DATA EXTRACT:
---

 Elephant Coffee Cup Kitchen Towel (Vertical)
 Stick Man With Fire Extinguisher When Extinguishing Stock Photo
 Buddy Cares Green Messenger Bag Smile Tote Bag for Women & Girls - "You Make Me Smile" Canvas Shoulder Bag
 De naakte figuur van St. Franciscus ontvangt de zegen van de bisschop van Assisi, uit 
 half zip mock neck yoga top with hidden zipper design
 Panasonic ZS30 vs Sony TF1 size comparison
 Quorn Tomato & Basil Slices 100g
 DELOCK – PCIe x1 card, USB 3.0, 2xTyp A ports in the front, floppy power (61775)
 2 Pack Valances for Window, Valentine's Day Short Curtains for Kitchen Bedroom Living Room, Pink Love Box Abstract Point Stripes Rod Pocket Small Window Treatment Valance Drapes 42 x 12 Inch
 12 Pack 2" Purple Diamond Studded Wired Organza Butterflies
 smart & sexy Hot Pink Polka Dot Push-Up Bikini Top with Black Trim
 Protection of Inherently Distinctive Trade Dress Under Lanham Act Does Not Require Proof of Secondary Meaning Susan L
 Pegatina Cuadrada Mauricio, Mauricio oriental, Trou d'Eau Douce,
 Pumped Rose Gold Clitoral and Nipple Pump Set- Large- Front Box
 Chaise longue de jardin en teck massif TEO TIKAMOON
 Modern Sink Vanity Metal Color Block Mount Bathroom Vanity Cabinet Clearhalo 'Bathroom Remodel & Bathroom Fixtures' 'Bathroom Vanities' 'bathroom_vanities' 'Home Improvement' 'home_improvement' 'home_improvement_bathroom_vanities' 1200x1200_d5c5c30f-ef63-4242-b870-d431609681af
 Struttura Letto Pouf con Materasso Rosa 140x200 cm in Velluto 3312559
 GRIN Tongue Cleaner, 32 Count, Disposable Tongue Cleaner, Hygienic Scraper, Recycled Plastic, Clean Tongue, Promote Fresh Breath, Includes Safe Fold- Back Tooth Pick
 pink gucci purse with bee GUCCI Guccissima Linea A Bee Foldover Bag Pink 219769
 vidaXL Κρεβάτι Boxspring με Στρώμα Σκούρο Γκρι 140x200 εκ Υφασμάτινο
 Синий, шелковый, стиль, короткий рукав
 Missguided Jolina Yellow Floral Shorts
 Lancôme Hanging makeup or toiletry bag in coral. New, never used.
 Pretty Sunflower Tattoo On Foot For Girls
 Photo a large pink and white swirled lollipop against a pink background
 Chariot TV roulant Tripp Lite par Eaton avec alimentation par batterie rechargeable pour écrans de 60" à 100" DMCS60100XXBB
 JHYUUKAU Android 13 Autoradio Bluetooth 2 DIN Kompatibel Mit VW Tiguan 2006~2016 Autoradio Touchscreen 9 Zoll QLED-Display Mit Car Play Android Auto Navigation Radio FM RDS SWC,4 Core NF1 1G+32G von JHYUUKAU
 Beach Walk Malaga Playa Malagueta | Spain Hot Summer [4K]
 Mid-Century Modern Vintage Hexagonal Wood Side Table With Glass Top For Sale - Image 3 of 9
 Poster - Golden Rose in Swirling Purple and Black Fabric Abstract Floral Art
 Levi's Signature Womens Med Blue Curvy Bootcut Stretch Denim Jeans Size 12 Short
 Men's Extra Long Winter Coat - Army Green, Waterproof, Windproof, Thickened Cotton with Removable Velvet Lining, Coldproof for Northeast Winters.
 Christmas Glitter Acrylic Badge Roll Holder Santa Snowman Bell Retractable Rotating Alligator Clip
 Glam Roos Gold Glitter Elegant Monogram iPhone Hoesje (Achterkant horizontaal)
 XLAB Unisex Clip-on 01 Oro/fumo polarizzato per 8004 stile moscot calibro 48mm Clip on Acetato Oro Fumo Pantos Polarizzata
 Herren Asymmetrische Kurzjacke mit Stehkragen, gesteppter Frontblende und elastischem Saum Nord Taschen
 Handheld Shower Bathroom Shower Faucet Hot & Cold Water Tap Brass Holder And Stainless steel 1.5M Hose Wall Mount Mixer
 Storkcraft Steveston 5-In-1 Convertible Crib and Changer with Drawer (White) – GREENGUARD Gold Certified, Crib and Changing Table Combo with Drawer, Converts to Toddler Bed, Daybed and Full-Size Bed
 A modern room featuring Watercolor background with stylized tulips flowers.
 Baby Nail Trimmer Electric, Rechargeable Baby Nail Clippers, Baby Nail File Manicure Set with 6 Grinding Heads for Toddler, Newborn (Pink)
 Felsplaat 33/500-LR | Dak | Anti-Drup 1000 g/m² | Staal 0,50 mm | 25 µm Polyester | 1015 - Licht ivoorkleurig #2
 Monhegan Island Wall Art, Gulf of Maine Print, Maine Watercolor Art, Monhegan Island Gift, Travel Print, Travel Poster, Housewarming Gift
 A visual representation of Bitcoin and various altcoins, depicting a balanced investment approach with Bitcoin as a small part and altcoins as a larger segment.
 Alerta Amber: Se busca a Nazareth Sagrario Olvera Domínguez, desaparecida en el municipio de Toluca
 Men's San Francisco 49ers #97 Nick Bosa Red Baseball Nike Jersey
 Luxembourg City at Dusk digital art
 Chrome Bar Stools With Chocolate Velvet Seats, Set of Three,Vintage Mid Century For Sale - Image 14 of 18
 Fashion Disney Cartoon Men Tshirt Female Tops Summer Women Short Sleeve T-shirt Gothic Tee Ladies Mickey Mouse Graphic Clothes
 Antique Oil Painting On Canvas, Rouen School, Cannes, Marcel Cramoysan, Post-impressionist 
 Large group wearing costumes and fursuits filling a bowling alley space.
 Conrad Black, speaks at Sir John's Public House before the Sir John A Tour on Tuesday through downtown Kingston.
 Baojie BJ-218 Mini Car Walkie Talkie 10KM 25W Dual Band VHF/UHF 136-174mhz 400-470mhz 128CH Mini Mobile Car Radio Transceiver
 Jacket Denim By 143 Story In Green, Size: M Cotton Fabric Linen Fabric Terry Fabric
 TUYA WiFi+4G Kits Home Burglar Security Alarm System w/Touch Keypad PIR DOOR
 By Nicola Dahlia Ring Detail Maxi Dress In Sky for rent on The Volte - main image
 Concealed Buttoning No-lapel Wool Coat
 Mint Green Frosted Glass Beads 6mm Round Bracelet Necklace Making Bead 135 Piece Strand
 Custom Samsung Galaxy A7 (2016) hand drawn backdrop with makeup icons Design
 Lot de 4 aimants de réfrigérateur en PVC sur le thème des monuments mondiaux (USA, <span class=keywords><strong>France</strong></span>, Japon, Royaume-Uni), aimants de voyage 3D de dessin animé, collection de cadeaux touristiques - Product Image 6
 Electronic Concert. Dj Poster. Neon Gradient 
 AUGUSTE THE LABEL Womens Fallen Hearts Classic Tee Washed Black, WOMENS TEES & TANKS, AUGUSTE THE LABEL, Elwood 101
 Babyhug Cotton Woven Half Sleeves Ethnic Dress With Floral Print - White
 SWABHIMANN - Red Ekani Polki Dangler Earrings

---

YOUR GOAL: Retype the records above, but only those lines that fall between the line containing "Alerta Amber: Se" and the line containing "Fashion Disney Cartoon", with both of those lines included, exactly as written.

EXERCISE SOLUTION:
 Alerta Amber: Se busca a Nazareth Sagrario Olvera Domínguez, desaparecida en el municipio de Toluca
 Men's San Francisco 49ers #97 Nick Bosa Red Baseball Nike Jersey
 Luxembourg City at Dusk digital art
 Chrome Bar Stools With Chocolate Velvet Seats, Set of Three,Vintage Mid Century For Sale - Image 14 of 18
 Fashion Disney Cartoon Men Tshirt Female Tops Summer Women Short Sleeve T-shirt Gothic Tee Ladies Mickey Mouse Graphic Clothes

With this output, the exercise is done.